First, as regards Chu's evidence, his declaration and deposition testimony never state that Wu ever retracted her initial statement that his injuries were caused by both Wei and Myint. Rather, Chu's declaration states that Wu told him "that the discomfort, pain and scar in [Chu's] left eye resulted from Dr. Wei cutting too deep on [Chu's] left eye during surgery." But that statement is consistent with Wu's original statement that the discomfort, pain, and scar resulted from Wei's surgery and also from Myint's radiation treatments. Similarly, Chu's reports of what the other doctors told him do not indicate that those doctors excluded Myint's radiation treatments as a contributing cause. Indeed, Chu's declaration and deposition testimony never state that those other doctors were even aware of Myint or the radiation treatments. In sum, Chu has presented no evidence that Wu or any other doctor ever told him that, contrary to Wu's initial assessment that Chu's injuries were caused by both Wei and Myint, the injuries were actually caused by Wei and not by Myint.

Second, it is undisputed that Chu filed suit against Wei after his initial consultation with Wu, when Wu told him that both Wei and Myint were responsible for his injuries. And Chu testified that his reason for not filing suit against Myint at that time was not that he did not suspect Myint of wrongdoing. Rather, he chose to sue Wei "first" because he thought Wei was "primarily responsible," and he could not remember or pronounce Myint's name. Thus, even if Chu had presented evidence that Wu and other doctors had caused him to doubt Wu's initial assessment that his injuries were caused by both Wei and Myint, Chu's own testimony establishes that such doubts were unrelated to his decision not to file suit against Myint.

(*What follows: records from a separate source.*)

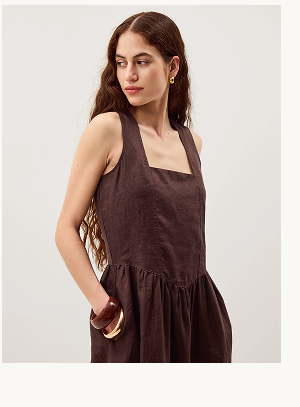 Lily Square Neck Linen Midi Dress Brown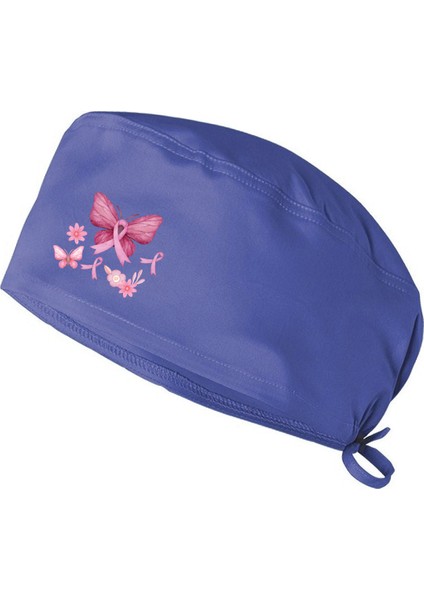 Pembe Kelebek Temalı Bonesi Standart ve Büyük Boy Cerrahi Bone Doktor Hemşire Aşçı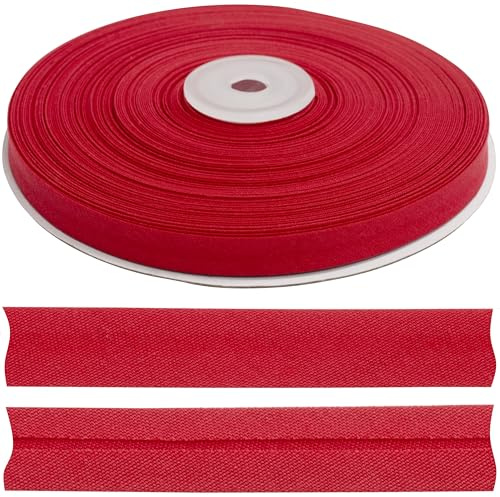 AERZETIX - C77404 - Rolle gefaltetes Schrägband zum Nähen 25 Meter x 10 mm - 20% Baumwolle und 80% Polyester - Farbe Rot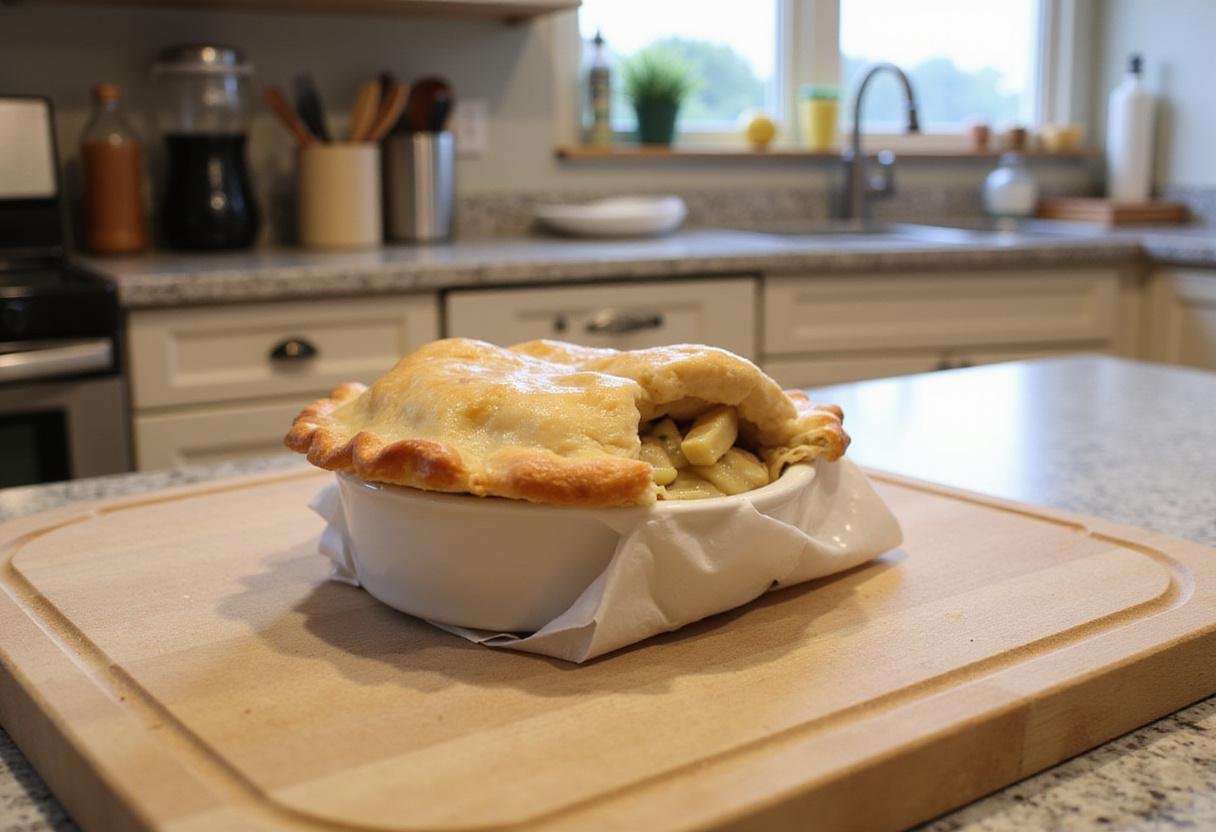 Blake's all natural frozen chicken pot pie being unwrapped on a clean kitchen countertop, perfect for a delicious meal.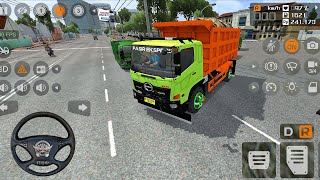 BUSSID Mod | Driving a Hino Dump Truck Transporting Stones 👷| Bus Simulator Indonesia Game screenshot 2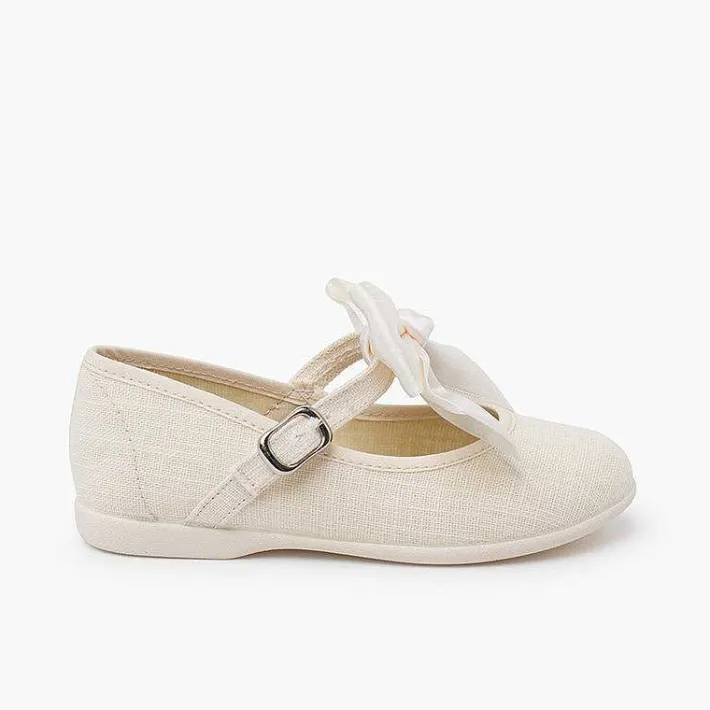 Zapatos Comunión<Pisamonas Merceditas Lino Ceremonia Lazo Raso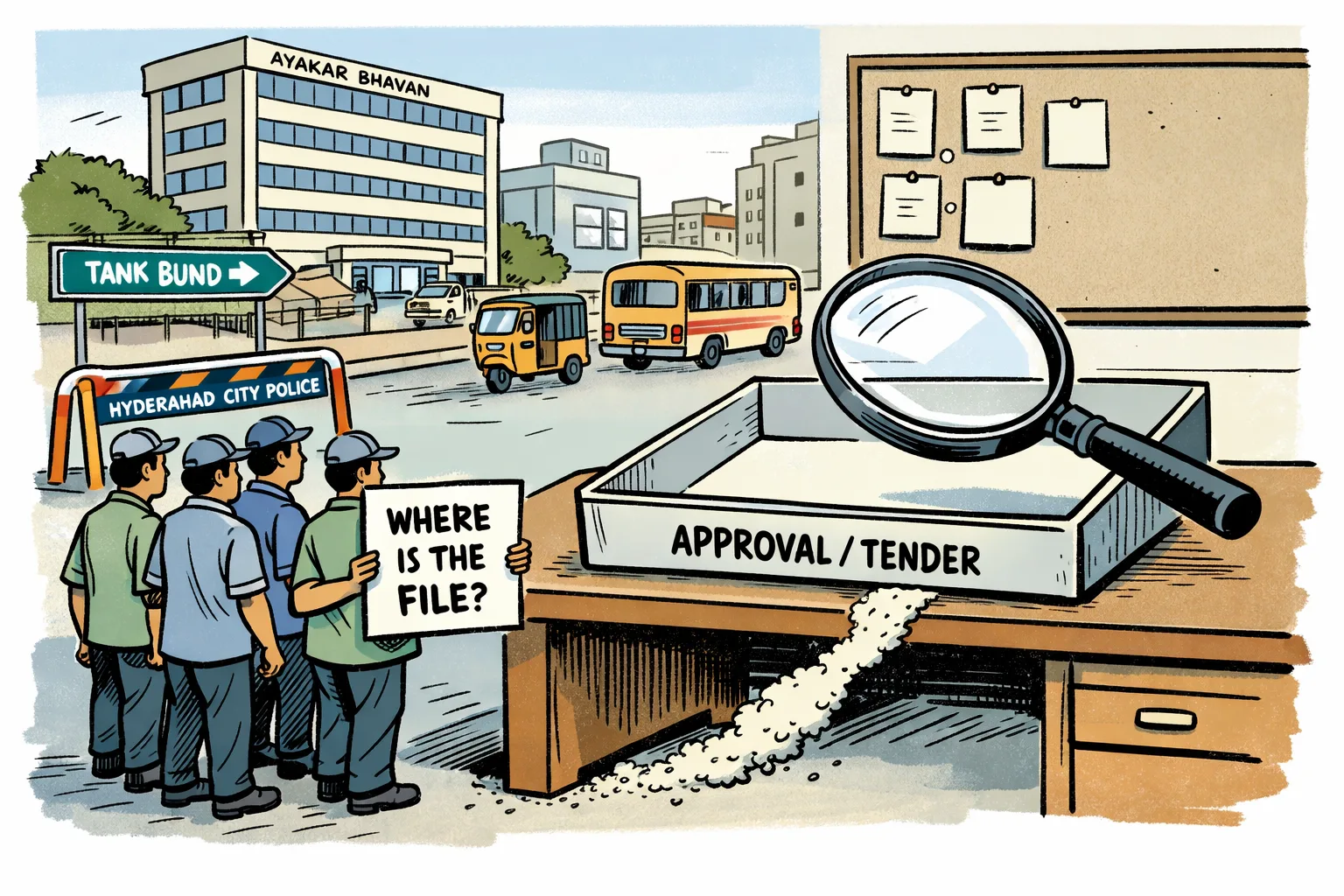 Sanitation workers stand beside a Swachh Auto near a Hyderabad street as a police barricade points towards Tank Bund, while a magnifying glass searches an empty government file tray marked approval and tender.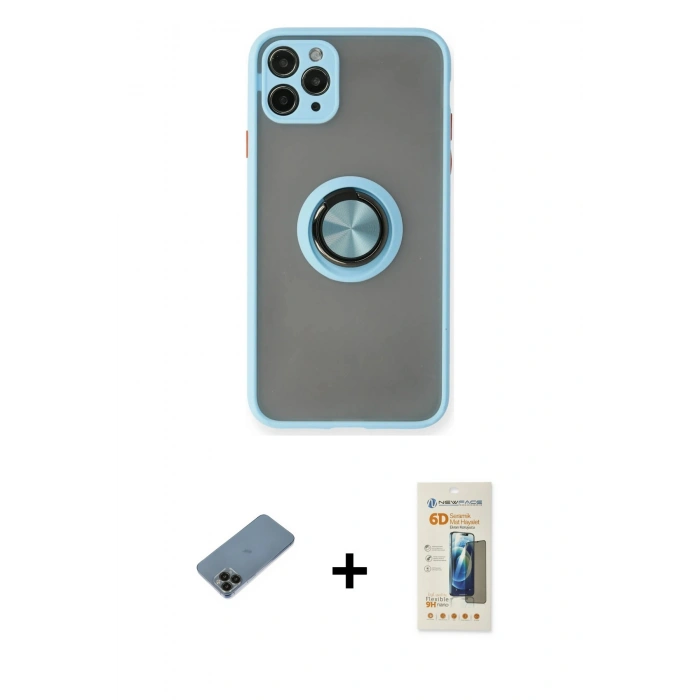 MARSİLYAN™- iPhone 11 Pro Max Kılıf Yörünge Çizgi - Siyah 6D Mat Seramik Hayalet Nano Ekran Koruyucu + Shine Kamera Lens Koruma Cam - SH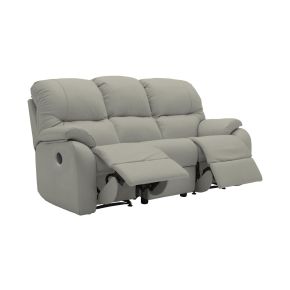 G Plan Mistral Small 3 Seater Double Power Recliner Leather Sofa, Husk Alabaster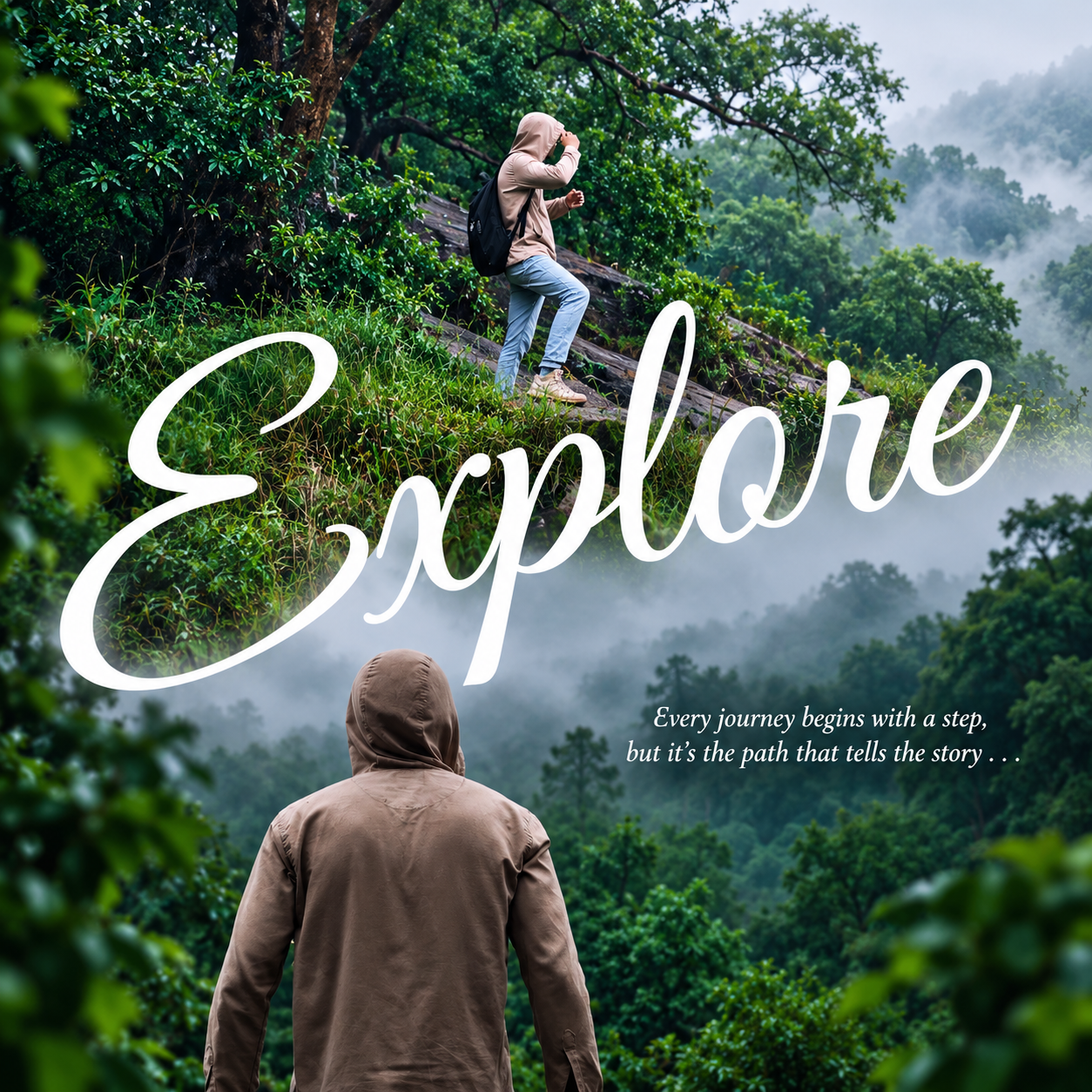 Hooded hiker on a misty forest trail with large white Explore script lettering.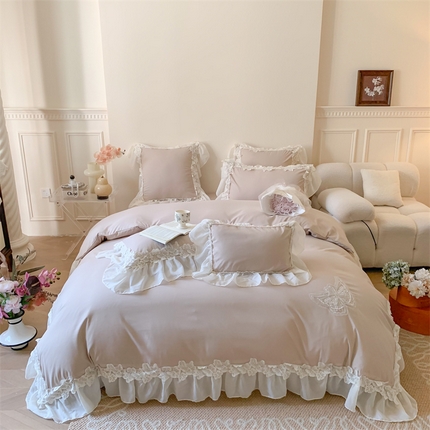 91家纺网 家纺一手货源 找家纺 （总）吾欢心2025新款糯小棉立体蝴蝶花边套件-蝶恋花系列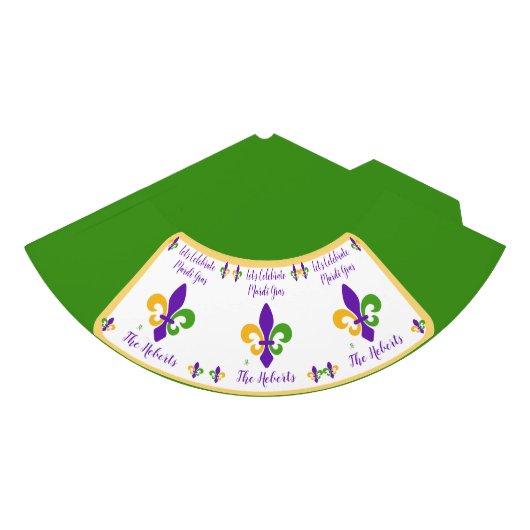 Mardi Gras NAME Green Gold Purple Fleur de Lis パーティーハット (正面)
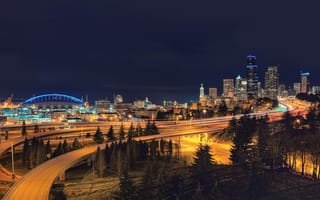 Картинка Сиэтл, США, город, города, здания, ночь, темнота, ночной город, огни, подсветка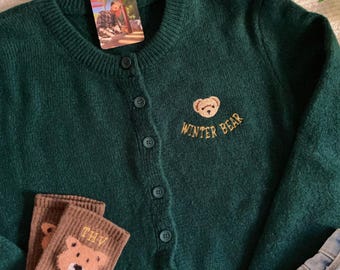 Embroidered green cardigan - thv , Limited Edition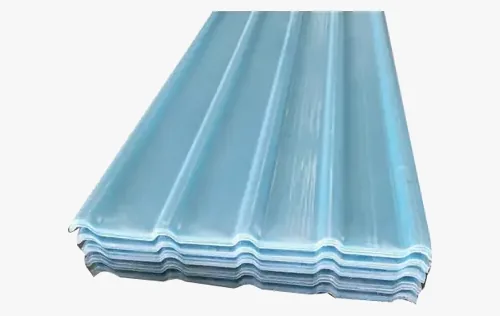 Stack of translucent trapezoidal FRP sheets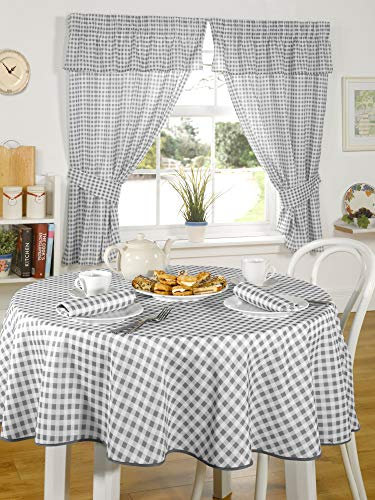 Emma Barclay Molly-Gingham-Vorhänge mit Bleistiftfalten und Querbehang in Anthrazit, Breite 116 x 121 cm, 100% Polyester, B 121,9 cm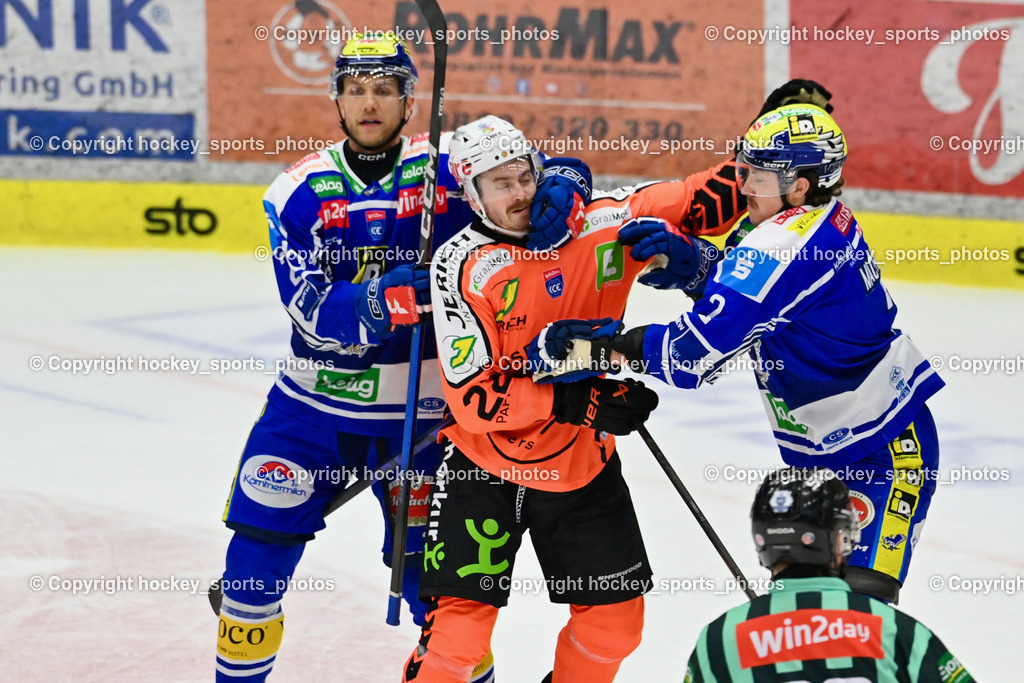 EC IDM WÄRMEPUMPEN VSV vs. MOSER MEDICAL GRAZ99ERS | #2 Dylan MacPherson EC VSV, #22 Kevin Conley Graz 99ers, #26 Guus van Nes EC VSV, EC IDM WÄRMEPUMPEN VSV vs. MOSER MEDICAL GRAZ99ERS, EC IDM WÄRMEPUMPEN VSV vs. MOSER MEDICAL GRAZ99ERS am 12.03.2026 in Villach (Stadthalle Villach), Austria, (Photo by Bernd Stefan)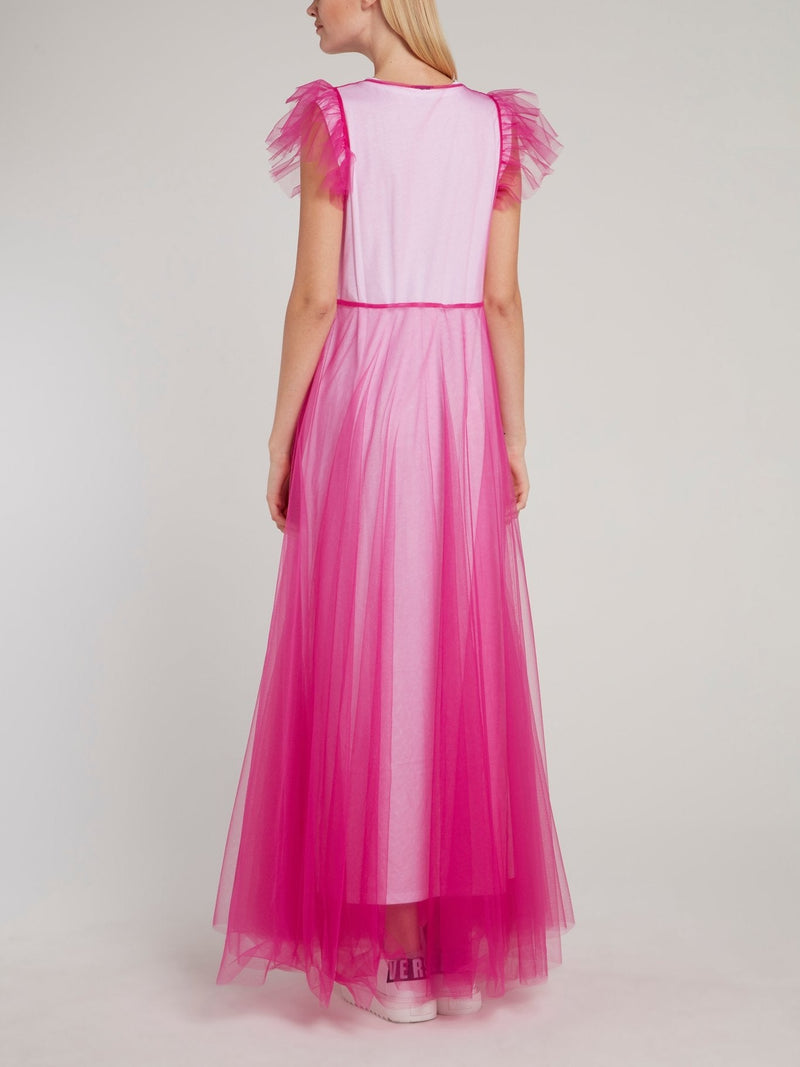 Pink Cap Sleeve Tulle Maxi Dress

Third, the Supreme Court has held that "failure to discover, or have reason to discover, the identity of the defendant does not postpone the accrual of a cause of action." (Norgart, supra, 21 Cal.4th at p. 399.) Rather, the cause of action accrues "when the plaintiff suspects or should suspect that her injury was caused by wrongdoing," regardless of whether the plaintiff knows the identity of the wrongdoer. (Jolly, supra, 44 Cal.3d at p. 1110.) As the Supreme Court has also noted, a plaintiff who is uncertain about the identities of possible wrongdoers can protect his or her rights "by filing a Doe complaint, within the one-year limitations period applicable thereto" and then amending the complaint to substitute additional defendants as long as they are identified within three years of the original filing. (Norgart, supra, 21 Cal.4th at p. 408; see also Jolly, supra, 44 Cal.3d at p. 1118.) Indeed, that is the procedure Chu originally used in this dispute, filing suit against Wei and 20 Does and then amending his complaint to substitute Myint for one of the Doe defendants. Unfortunately, Chu decided to dismiss that action and file a new one against Myint. But he fails to explain why his decision to proceed in that manner should exempt him from the rule that "failure to discover, or have reason to discover, the identity of the defendant does not postpone the accrual of a cause of action." (Norgart, supra, 21 Cal.4th at p. 399.) Thus, even if we agreed that Chu had presented sufficient evidence to create a factual dispute as to whether he suspected or should have suspected that Myint had caused his injuries, and even if Chu had presented evidence that his doubts about Myint's responsibility had caused him to refrain from filing suit against Myint when he sued Wei, we would still have to affirm. Ignorance of the identity of the wrongdoer does not postpone accrual.

For all of the foregoing reasons, we must affirm the judgment.

DISPOSITION

The judgment is affirmed. Respondent shall recover his costs of appeal.

CHANEY, J. and JOHNSON, J, concurs.

FootNotes


1. A pterygium is "a triangular fleshy mass of thickened conjunctiva occurring usu[ally] at the inner side of the eyeball, covering part of the cornea, and causing a disturbance of vision." (Webster's 3d New Internat. Dict. (2002) p. 1835.)
2. All subsequent statutory references are to the Code of Civil Procedure.